Солженицынская повесть не отрицала советский режим в целом. Как таковой. Подразумевалась ее интерпретация в качестве осмысления «культа личности Сталина». Именно это и нужно было Хрущеву – в связи с XXII съездом КПСС.

Подчеркнем еще раз: общепринятым представлениям о предписанном и разрешенном в советской литературе солженицынская повесть не соответствовала. Но оставалась в пределах допустимого, пусть и на грани. А потому была востребована как эффективный пропагандистский инструмент.

Роман Гроссмана показывал вопиющее несоответствие советского режима – идеологическим установкам, обеспечившим победоносное завершение гражданской войны. И Великой Отечественной тоже.

Гроссмановский роман оказался не только вне пределов разрешенного в литературе, но и за гранью допустимого. Тогда еще не было пропагандистской установки, обусловившей бы возможность его публикации.

Солженицын, как некогда Гроссман, в дебюте выиграл.

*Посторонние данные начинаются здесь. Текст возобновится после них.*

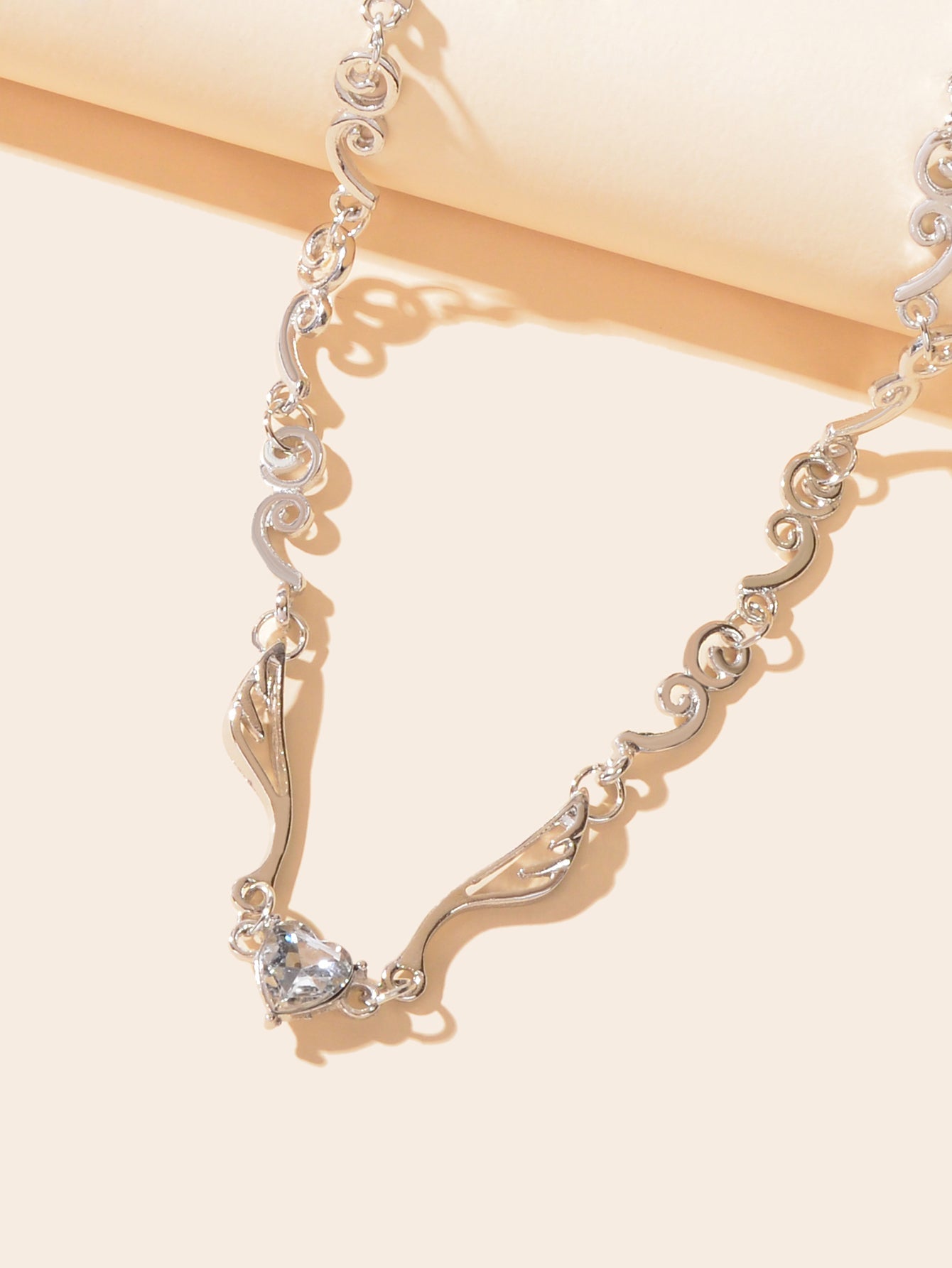 Heart Zircon Wing Design Silver Chain Clavicle Bridal Necklace for Wedding Prom-2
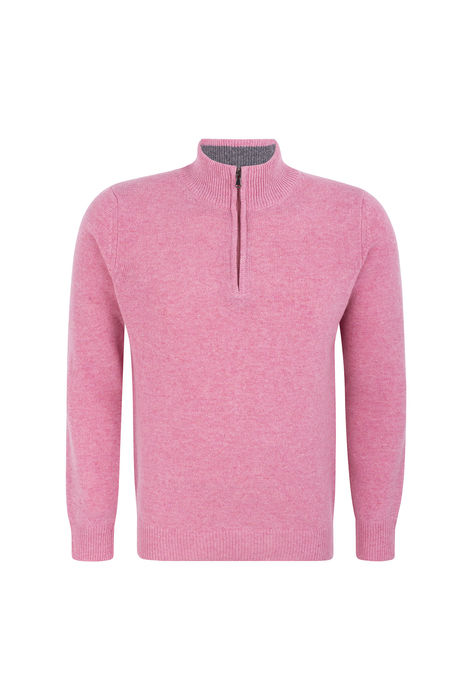 Lambswool Zip Polo, Jersey Knit, Regular Fit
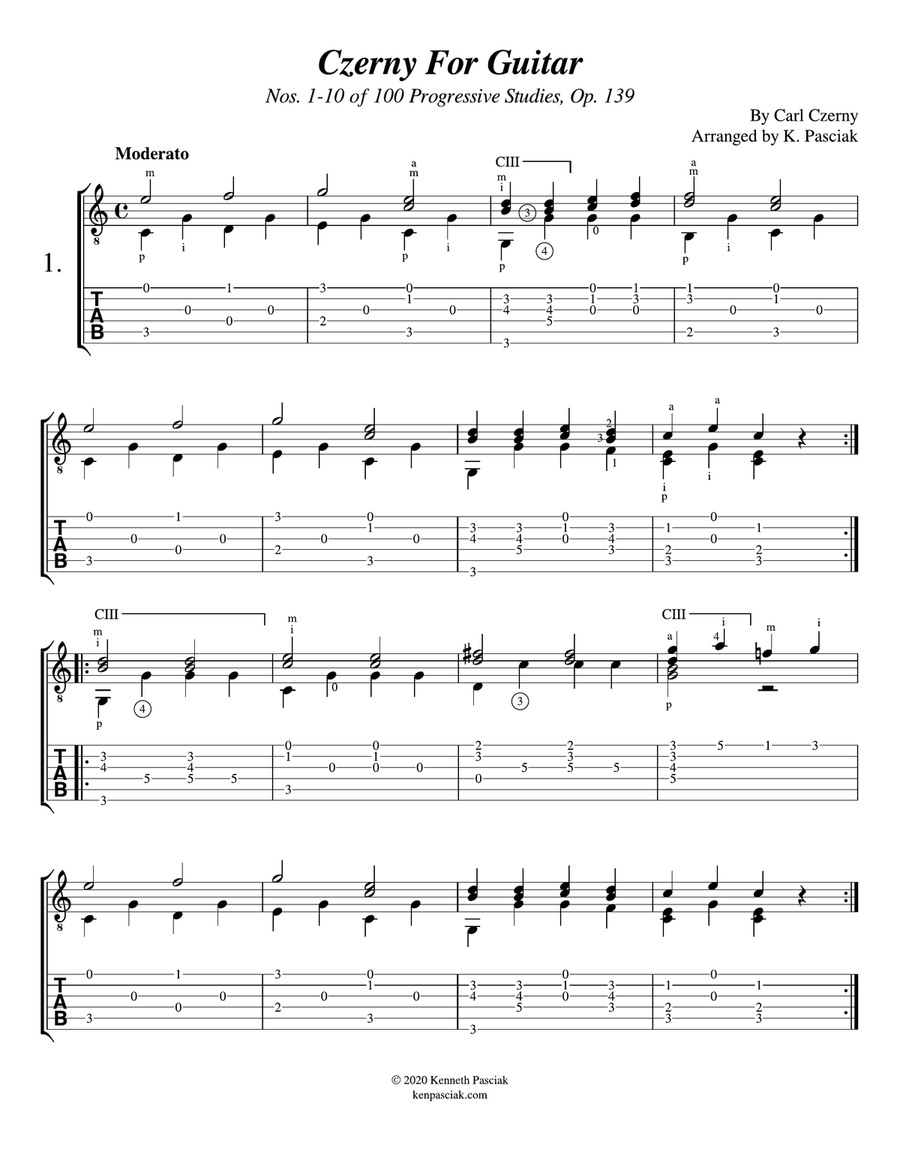 Czerny for Guitar, Opus 139, Nos. 1-10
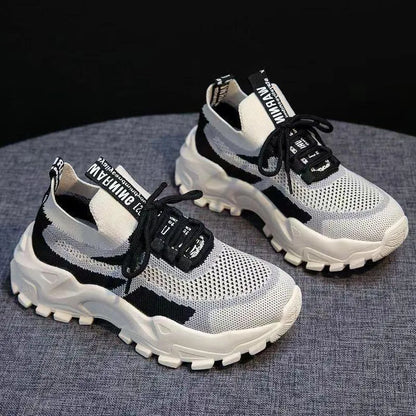 2024 Fashionable Flying Woven Women's Running Shoes Korean-Style Women's Shoes Breathable Lightweight Sports Shoes Ladies Shoes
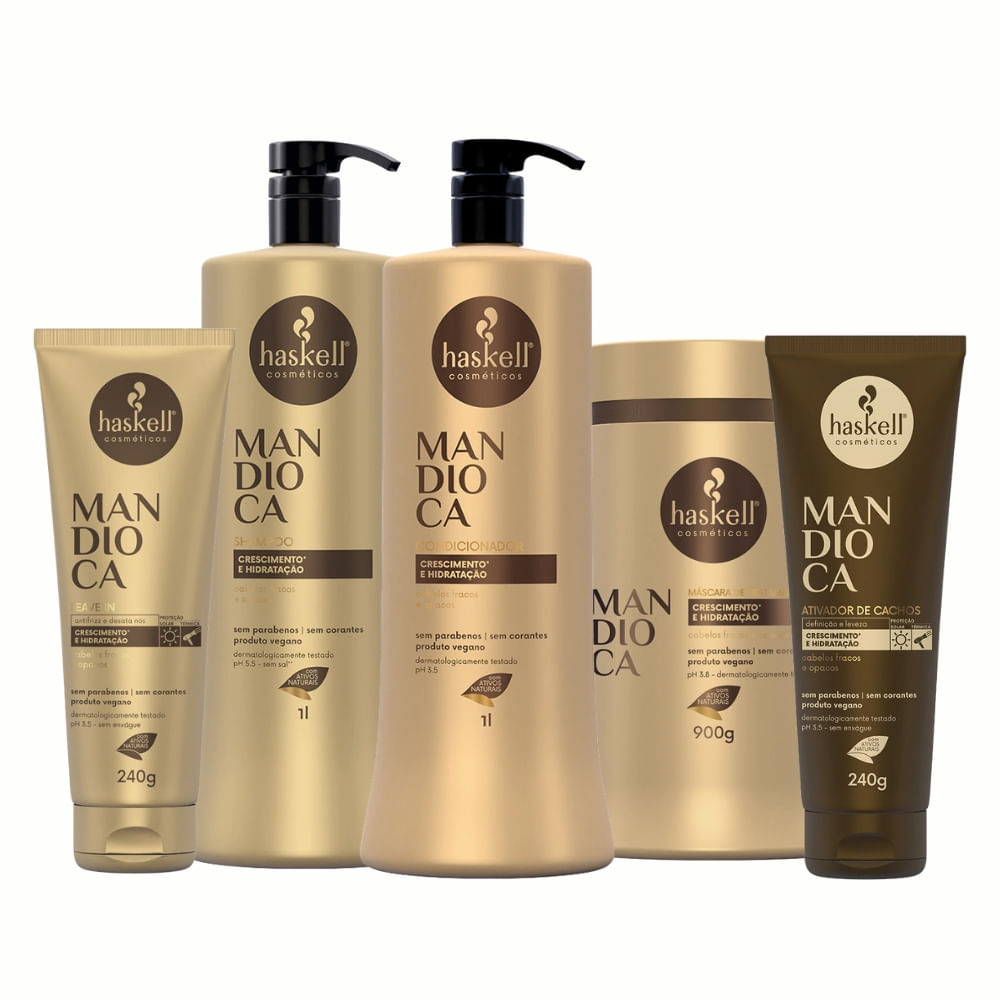 Kit Haskell Mandioca Hidratante e Fortalecedor 1L 5 Itens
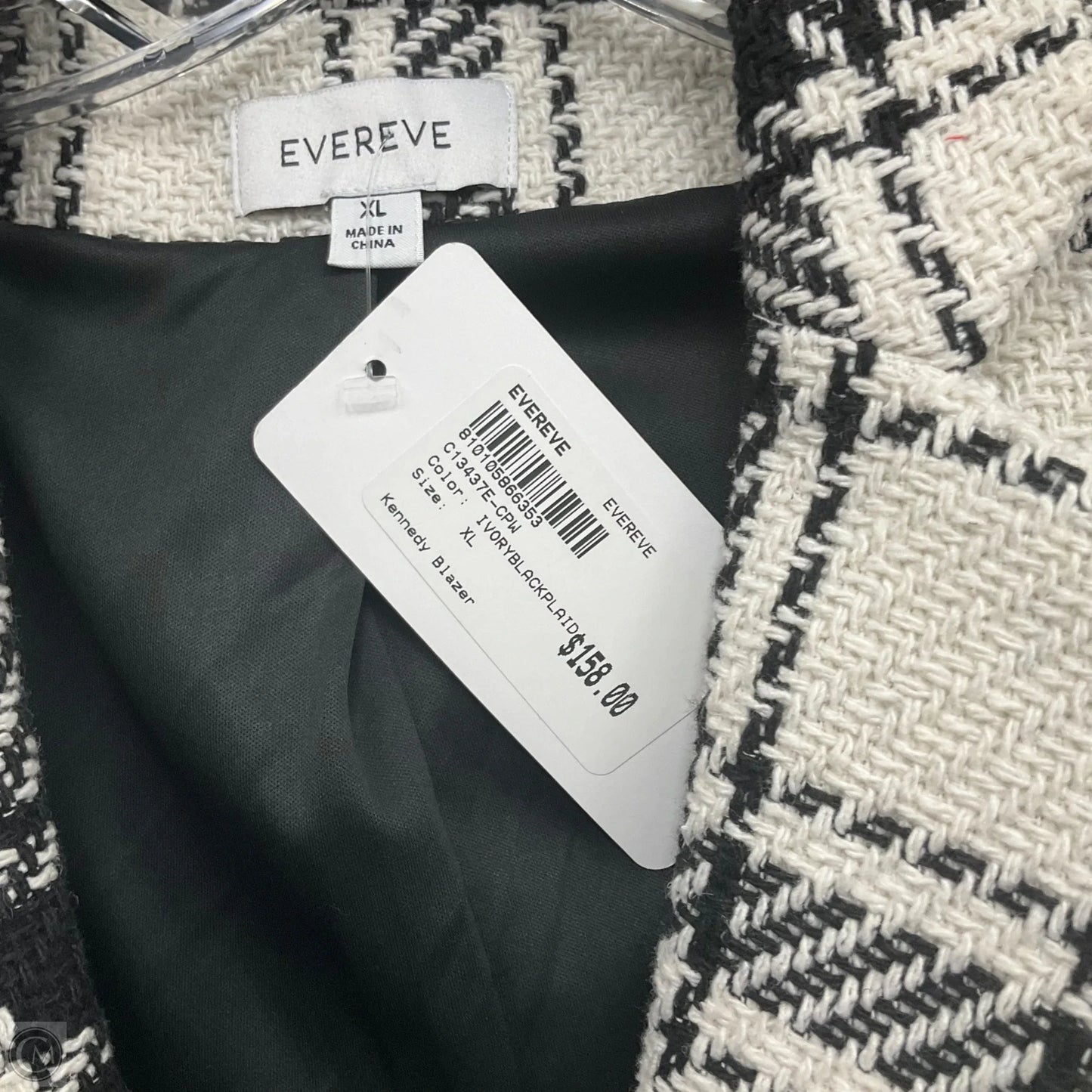 Blazer By Evereve In Plaid Pattern, Size: Xl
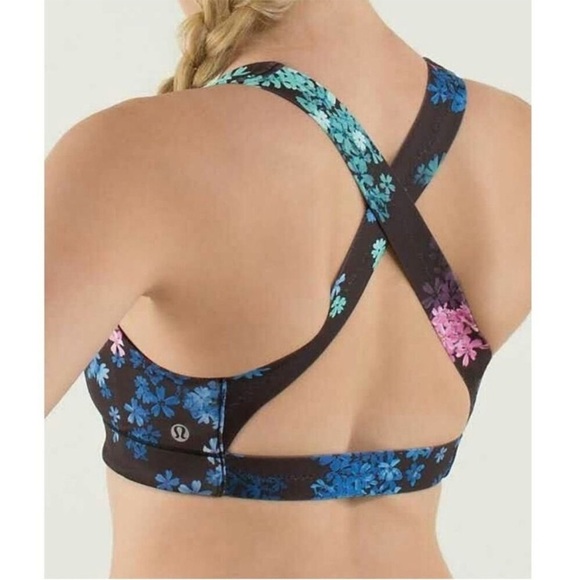 Rare! Lululemon In a Flash sports bra petal pop multi 4 - Picture 2 of 7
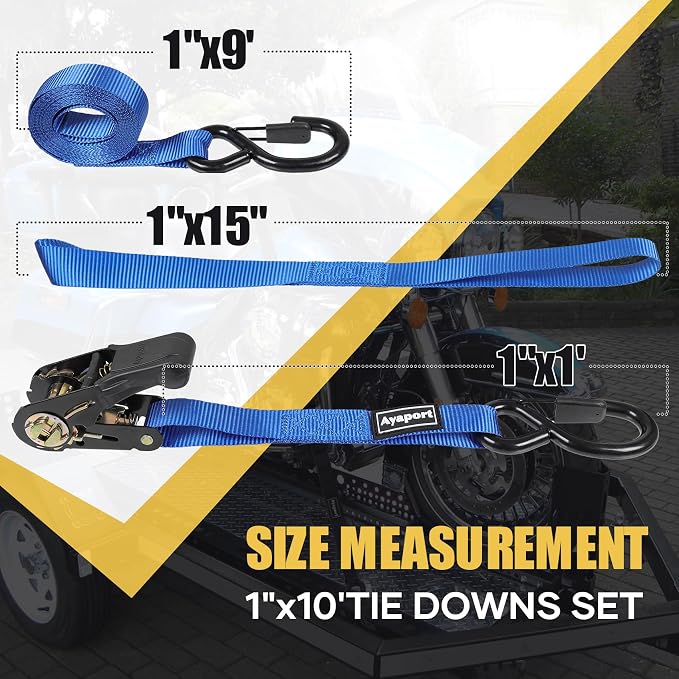 Ayaport Ratchet Straps Tie Downs, 1" x 10' Heavy Duty Ratchet Tie Down Straps, 1860lbs Break Strength, Larger Open S Hook W Safety Clip, Ratchet Strap for Motorcycle, Cargo, Truck Bed, Moving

И даже намного большего добился – мировой известности. А затем развивал успех. Слава росла.

Мировая слава и защитила писателя, когда через несколько лет он – уже посредством «самиздата» – распространял свои рукописи, отвергнутые редакциями. Запрещенное цензурой охотно печатали за границей, а ЦК партии все медлил с арестом Солженицына. Тот умело использовал пастернаковский опыт. Уголовное преследование в данном случае дискредитировало бы советский режим, ведь формально преступления не было.

Да, Солженицын, начав борьбу против советского режима, отчаянно рисковал. Но – лишь собою. Распалась семья, детей не было, родственников тоже.

Ничего с ним поделать не мог ЦК партии. Солженицын демонстративно пренебрегал всеми благами, что предоставлялись советским писателям. Оставалось только – официально и неофициально – грозить ему лишением свободы или жизни.